### [Available data]

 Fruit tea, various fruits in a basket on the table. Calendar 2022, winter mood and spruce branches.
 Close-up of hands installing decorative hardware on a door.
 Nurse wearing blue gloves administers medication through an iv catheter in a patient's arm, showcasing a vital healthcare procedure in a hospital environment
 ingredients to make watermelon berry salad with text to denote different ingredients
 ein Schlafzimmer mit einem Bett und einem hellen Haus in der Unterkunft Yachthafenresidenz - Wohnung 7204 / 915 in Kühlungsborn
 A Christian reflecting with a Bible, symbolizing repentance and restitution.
==
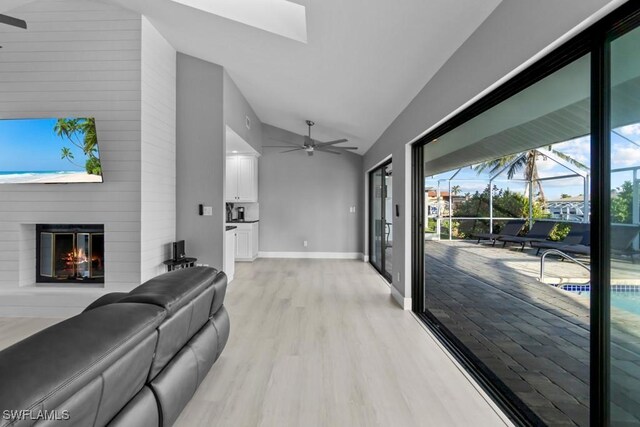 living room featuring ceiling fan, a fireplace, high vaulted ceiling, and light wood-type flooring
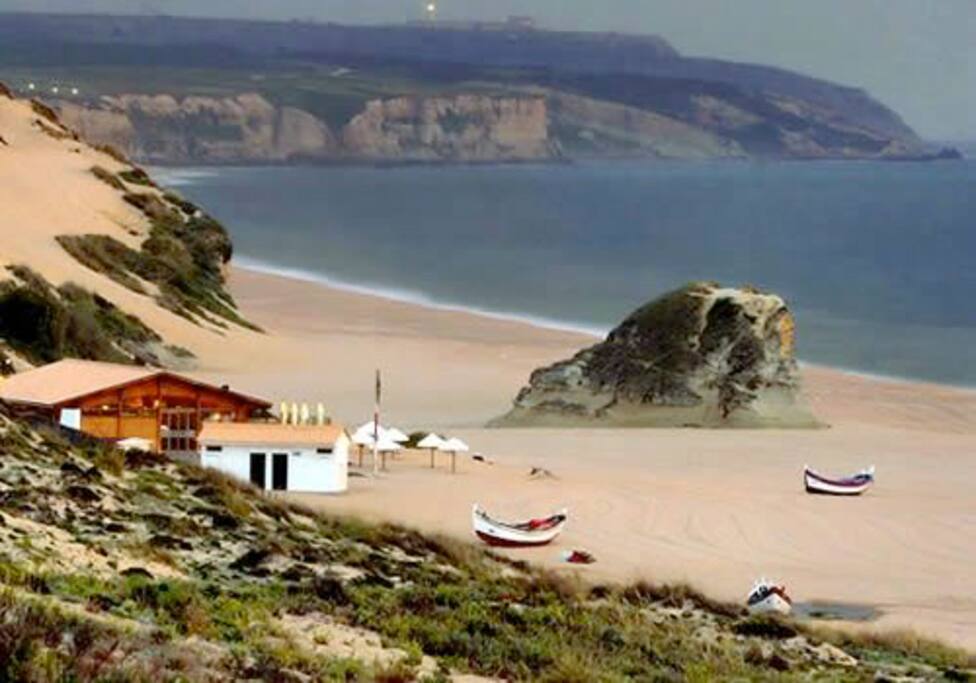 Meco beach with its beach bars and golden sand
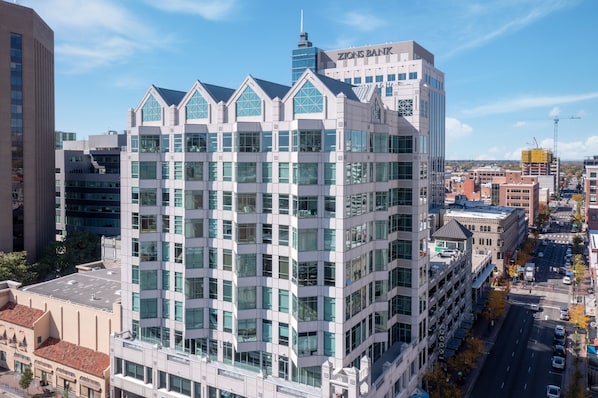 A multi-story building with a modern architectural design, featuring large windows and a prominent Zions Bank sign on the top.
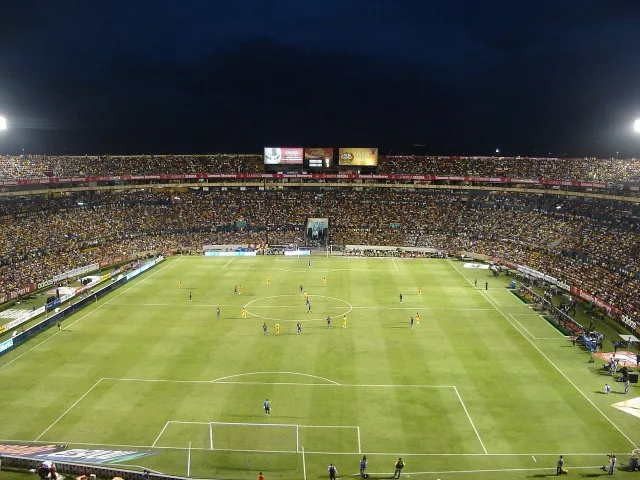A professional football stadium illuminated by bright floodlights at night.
--
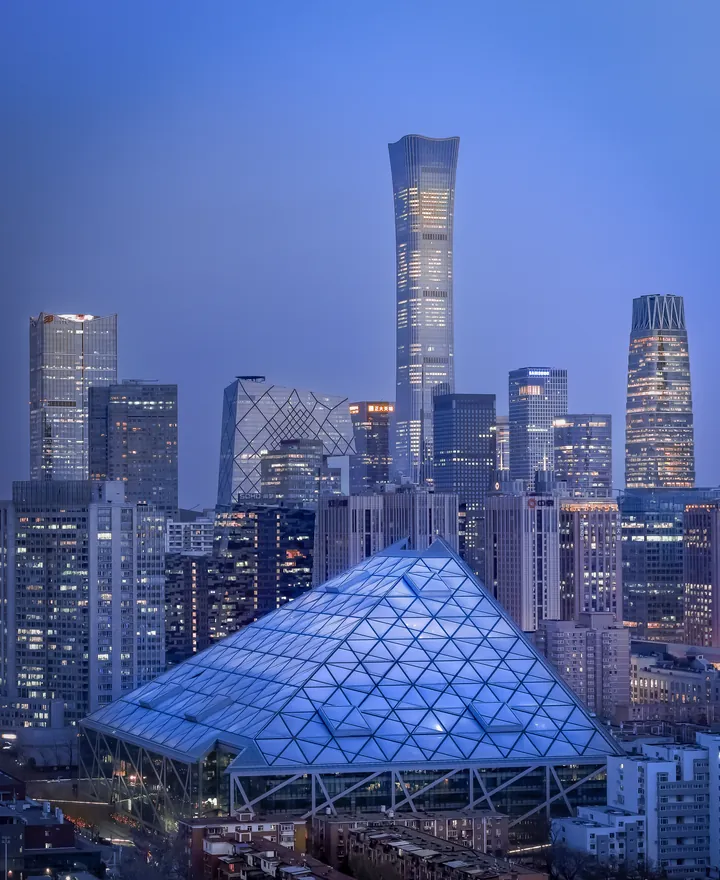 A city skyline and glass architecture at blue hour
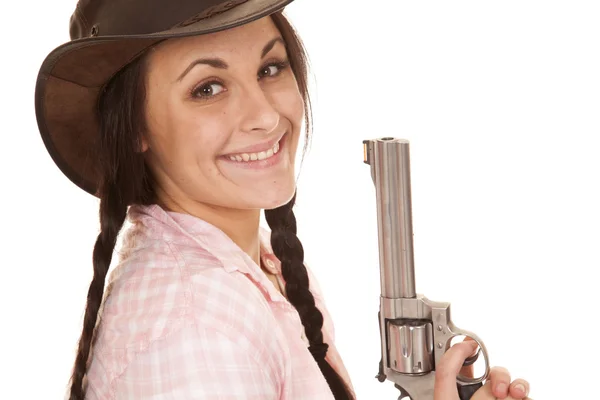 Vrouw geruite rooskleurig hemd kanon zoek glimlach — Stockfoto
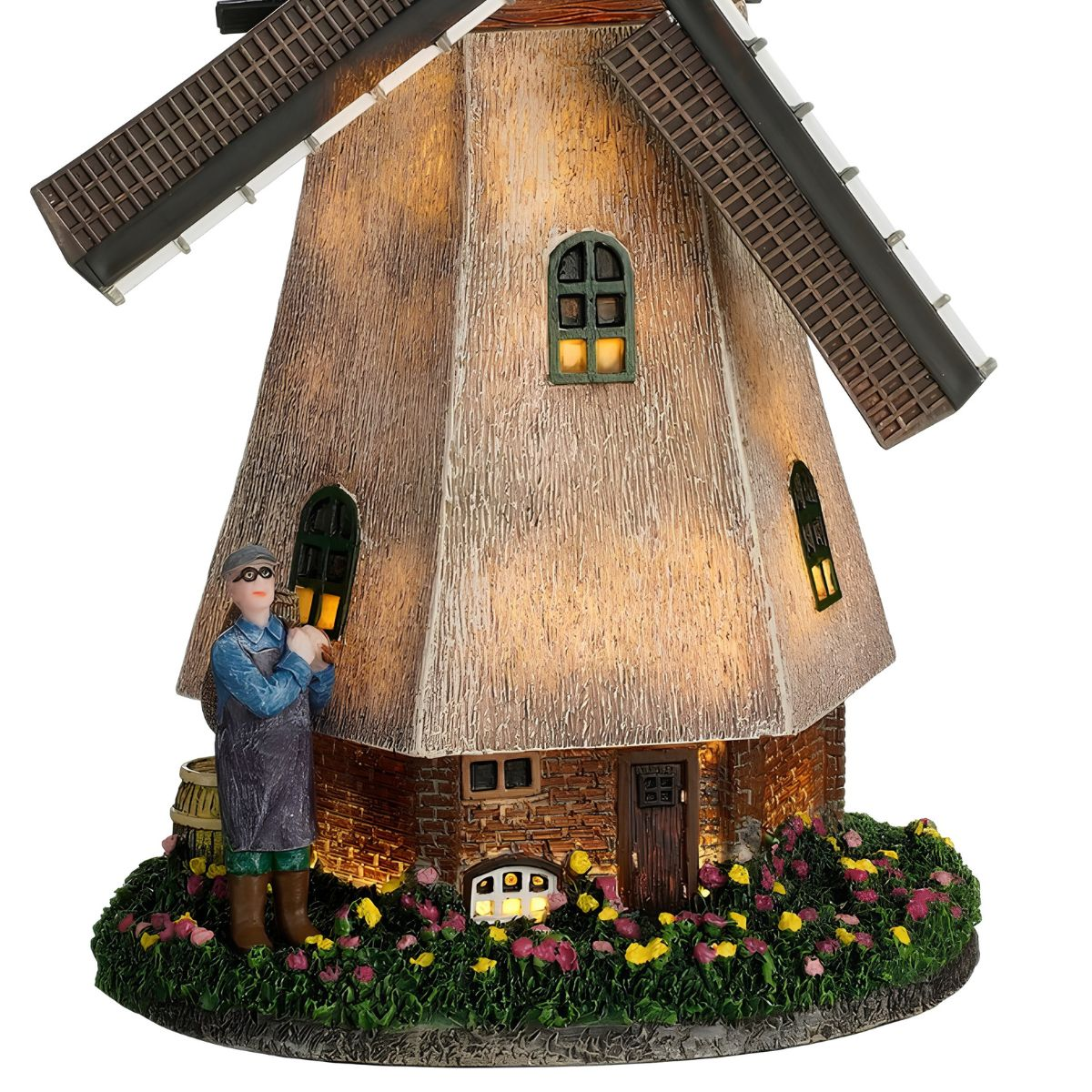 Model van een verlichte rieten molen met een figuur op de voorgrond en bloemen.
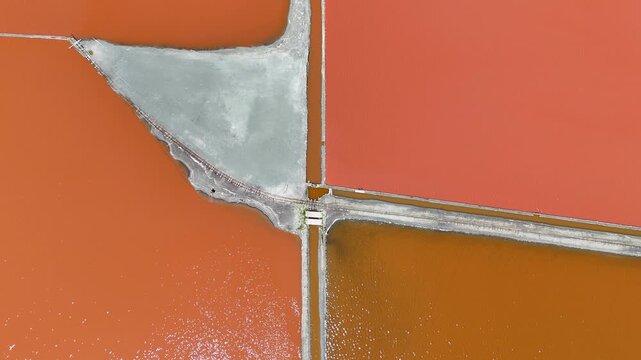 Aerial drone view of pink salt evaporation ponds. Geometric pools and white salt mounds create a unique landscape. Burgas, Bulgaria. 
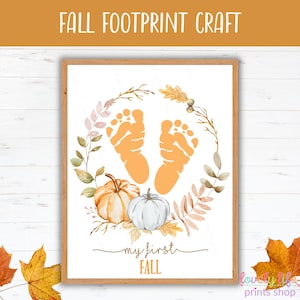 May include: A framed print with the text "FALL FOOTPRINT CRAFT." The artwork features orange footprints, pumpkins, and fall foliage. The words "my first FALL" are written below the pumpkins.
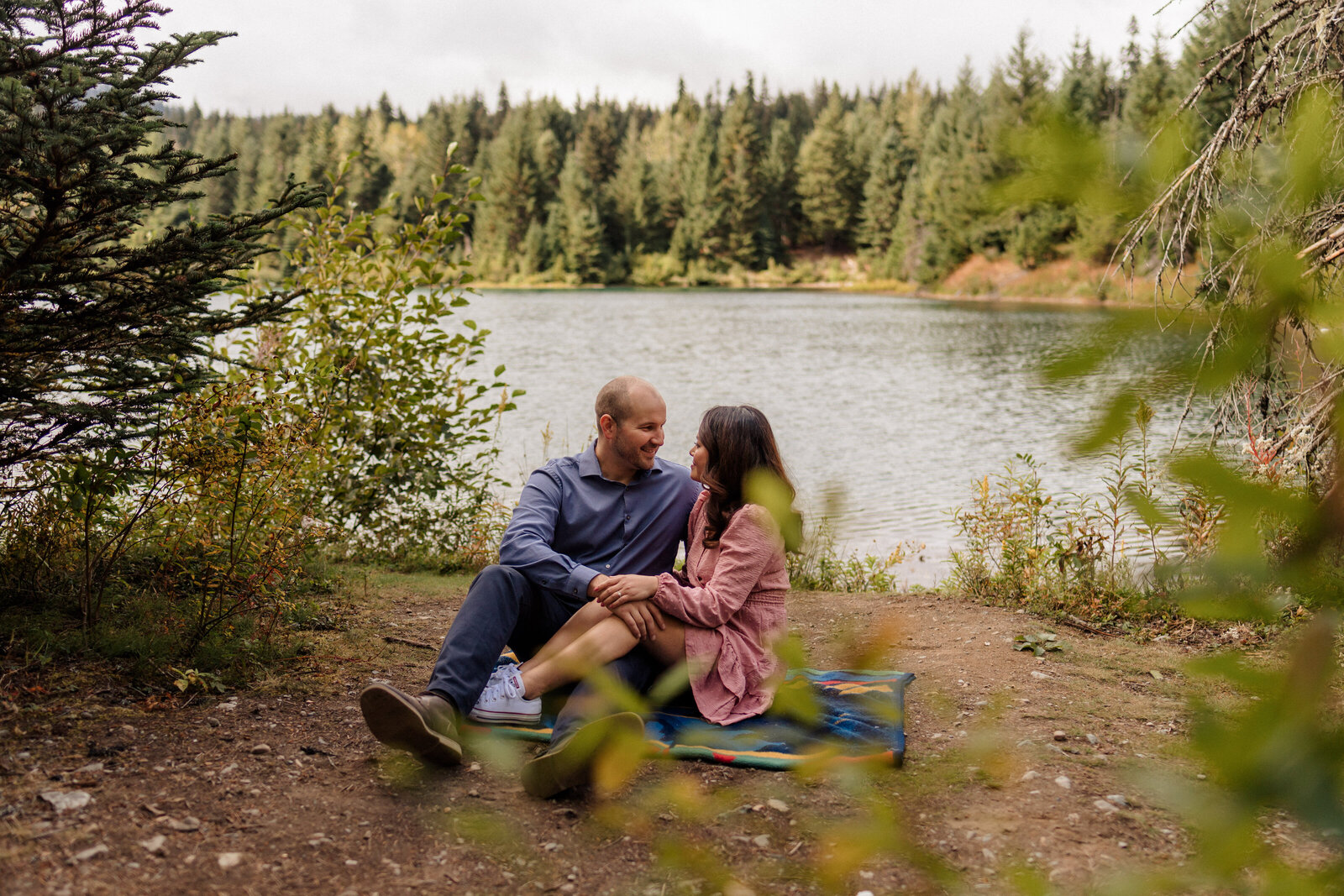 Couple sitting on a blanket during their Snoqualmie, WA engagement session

### [About this task]
In the records above, find the line with "May include: A". Print exactly from there through the line with "Couple sitting on", minus the pictures.

### [Written answer]
 May include: A framed print with the text "FALL FOOTPRINT CRAFT." The artwork features orange footprints, pumpkins, and fall foliage. The words "my first FALL" are written below the pumpkins.
 Couple sitting on a blanket during their Snoqualmie, WA engagement session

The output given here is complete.